🤖 AI Summary
Existing methods struggle to balance collaboration efficiency and communication overhead in dynamic, partially observable, communication-constrained, and decentralized multi-agent environments—such as heterogeneous land-air-water unmanned systems. This paper proposes a goal-oriented decentralized multi-agent reinforcement learning framework featuring a novel goal-aware sparse communication mechanism. Each agent autonomously decides whether to communicate and which task-relevant features to share, based solely on its local observations and current sub-goal. This design significantly reduces bandwidth requirements while preserving collaborative performance. Experiments on multi-agent navigation tasks demonstrate that our approach substantially improves task success rates and reduces average time-to-goal. Crucially, performance remains stable as the number of agents scales up, confirming the method’s effectiveness, robustness, and scalability.
📝 Abstract
Connected and autonomous vehicles across land, water, and air must often operate in dynamic, unpredictable environments with limited communication, no centralized control, and partial observability. These real-world constraints pose significant challenges for coordination, particularly when vehicles pursue individual objectives. To address this, we propose a decentralized Multi-Agent Reinforcement Learning (MARL) framework that enables vehicles, acting as agents, to communicate selectively based on local goals and observations. This goal-aware communication strategy allows agents to share only relevant information, enhancing collaboration while respecting visibility limitations.
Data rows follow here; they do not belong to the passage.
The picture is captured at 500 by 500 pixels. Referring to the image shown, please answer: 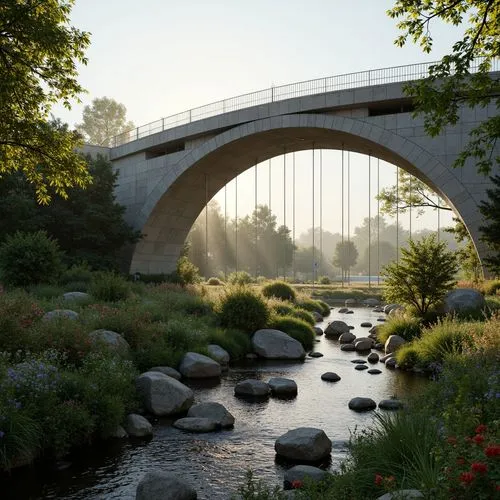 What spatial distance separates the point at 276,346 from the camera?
13523mm

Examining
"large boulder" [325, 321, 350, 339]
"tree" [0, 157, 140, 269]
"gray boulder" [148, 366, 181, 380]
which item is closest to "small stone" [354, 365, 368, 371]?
"gray boulder" [148, 366, 181, 380]

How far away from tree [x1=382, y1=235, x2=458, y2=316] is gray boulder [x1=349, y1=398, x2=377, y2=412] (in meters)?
7.15

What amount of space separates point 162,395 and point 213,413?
3.04 ft

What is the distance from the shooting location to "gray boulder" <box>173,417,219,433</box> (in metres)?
7.46

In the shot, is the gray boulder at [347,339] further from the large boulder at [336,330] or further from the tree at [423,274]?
the tree at [423,274]

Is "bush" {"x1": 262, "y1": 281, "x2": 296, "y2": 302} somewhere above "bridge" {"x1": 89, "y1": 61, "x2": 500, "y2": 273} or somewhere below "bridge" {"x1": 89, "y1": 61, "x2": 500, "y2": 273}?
below

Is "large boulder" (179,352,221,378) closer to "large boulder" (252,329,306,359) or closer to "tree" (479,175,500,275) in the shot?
"large boulder" (252,329,306,359)

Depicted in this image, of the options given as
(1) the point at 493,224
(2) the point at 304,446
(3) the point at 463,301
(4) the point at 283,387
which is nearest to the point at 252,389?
(4) the point at 283,387

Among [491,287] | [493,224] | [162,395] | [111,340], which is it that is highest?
[493,224]

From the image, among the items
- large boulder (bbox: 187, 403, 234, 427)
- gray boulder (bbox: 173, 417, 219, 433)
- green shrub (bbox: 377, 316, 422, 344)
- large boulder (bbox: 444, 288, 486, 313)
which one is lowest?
gray boulder (bbox: 173, 417, 219, 433)

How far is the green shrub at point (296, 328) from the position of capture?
591 inches

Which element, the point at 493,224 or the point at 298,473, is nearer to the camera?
the point at 298,473

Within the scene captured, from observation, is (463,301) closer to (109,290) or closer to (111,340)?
(111,340)

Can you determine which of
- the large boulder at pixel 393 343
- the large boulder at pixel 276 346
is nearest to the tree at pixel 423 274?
the large boulder at pixel 393 343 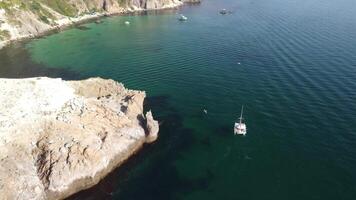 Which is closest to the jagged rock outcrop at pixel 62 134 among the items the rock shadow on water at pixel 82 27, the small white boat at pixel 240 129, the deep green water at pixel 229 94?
the deep green water at pixel 229 94

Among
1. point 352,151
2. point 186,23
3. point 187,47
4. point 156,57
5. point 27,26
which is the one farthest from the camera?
point 186,23

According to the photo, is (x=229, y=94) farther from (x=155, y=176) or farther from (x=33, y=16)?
(x=33, y=16)

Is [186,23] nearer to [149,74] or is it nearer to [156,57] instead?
[156,57]

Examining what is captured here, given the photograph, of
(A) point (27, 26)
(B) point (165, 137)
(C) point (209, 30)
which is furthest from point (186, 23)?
(B) point (165, 137)

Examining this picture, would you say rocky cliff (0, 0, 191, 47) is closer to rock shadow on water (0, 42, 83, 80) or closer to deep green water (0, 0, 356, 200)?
deep green water (0, 0, 356, 200)

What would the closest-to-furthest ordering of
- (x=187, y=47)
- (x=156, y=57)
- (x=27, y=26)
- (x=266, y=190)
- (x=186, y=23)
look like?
(x=266, y=190) < (x=156, y=57) < (x=187, y=47) < (x=27, y=26) < (x=186, y=23)

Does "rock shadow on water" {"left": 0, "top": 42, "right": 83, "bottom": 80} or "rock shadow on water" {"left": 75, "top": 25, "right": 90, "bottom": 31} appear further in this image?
"rock shadow on water" {"left": 75, "top": 25, "right": 90, "bottom": 31}

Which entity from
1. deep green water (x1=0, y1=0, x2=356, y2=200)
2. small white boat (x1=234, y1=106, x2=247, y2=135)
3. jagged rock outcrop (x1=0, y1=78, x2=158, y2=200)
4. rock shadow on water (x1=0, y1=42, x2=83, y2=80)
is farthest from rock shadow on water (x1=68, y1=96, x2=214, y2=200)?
rock shadow on water (x1=0, y1=42, x2=83, y2=80)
We validate our approach in complex multi-agent navigation tasks featuring obstacles and dynamic agent populations. Results show that our method significantly improves task success rates and reduces time-to-goal compared to non-cooperative baselines. Moreover, task performance remains stable as the number of agents increases, demonstrating scalability. These findings highlight the potential of decentralized, goal-driven MARL to support effective coordination in realistic multi-vehicle systems operating across diverse domains.